WHAT YOU ARE ASKED TO DO
A stretch of the entries below is to be set down exactly, running from the line with "The Avenue Bed And Breakfast" through the line with "Lululemon Run Wild", both included, and no other line.

TASK DATA
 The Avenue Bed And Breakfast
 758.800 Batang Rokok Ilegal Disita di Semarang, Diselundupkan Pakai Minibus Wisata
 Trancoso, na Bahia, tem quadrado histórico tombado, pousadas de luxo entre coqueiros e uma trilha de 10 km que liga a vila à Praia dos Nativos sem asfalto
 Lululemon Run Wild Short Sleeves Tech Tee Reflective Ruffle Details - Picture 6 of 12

--

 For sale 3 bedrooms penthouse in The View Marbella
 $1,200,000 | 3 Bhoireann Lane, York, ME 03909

EXPECTED OUTPUT
 The Avenue Bed And Breakfast
 758.800 Batang Rokok Ilegal Disita di Semarang, Diselundupkan Pakai Minibus Wisata
 Trancoso, na Bahia, tem quadrado histórico tombado, pousadas de luxo entre coqueiros e uma trilha de 10 km que liga a vila à Praia dos Nativos sem asfalto
 Lululemon Run Wild Short Sleeves Tech Tee Reflective Ruffle Details - Picture 6 of 12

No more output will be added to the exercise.